## Problem to work on
Pick each line containing the word "image" out of the data below.
Information shown below:
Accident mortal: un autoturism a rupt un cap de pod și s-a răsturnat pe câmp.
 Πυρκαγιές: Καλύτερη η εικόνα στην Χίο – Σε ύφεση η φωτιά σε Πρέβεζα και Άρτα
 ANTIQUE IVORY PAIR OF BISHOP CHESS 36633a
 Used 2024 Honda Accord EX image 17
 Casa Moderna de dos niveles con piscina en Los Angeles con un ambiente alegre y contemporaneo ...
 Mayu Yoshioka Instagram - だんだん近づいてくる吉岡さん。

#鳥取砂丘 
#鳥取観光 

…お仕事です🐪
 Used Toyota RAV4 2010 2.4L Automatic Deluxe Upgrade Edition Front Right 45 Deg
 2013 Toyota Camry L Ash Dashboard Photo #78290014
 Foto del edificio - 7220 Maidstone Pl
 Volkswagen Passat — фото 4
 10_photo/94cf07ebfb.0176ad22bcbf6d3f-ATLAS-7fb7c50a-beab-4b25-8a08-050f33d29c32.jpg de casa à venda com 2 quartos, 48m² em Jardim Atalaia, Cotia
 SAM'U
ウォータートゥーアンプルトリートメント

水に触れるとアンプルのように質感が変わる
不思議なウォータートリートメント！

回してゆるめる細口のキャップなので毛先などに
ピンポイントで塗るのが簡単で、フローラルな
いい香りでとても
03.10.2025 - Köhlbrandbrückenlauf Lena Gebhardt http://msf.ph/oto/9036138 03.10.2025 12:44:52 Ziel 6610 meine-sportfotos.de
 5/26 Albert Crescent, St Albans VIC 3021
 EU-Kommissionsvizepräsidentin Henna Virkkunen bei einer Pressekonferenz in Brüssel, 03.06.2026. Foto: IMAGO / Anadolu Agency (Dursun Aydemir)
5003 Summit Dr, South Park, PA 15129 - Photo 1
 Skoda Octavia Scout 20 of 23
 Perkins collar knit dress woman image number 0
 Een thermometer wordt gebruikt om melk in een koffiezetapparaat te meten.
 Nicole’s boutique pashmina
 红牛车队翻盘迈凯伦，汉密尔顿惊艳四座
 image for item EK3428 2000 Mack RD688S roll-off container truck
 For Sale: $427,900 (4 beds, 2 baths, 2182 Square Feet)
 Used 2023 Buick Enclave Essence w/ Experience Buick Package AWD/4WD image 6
End of Information shown.
## Answer to the exercise
 Used 2024 Honda Accord EX image 17
 Perkins collar knit dress woman image number 0
 image for item EK3428 2000 Mack RD688S roll-off container truck
 Used 2023 Buick Enclave Essence w/ Experience Buick Package AWD/4WD image 6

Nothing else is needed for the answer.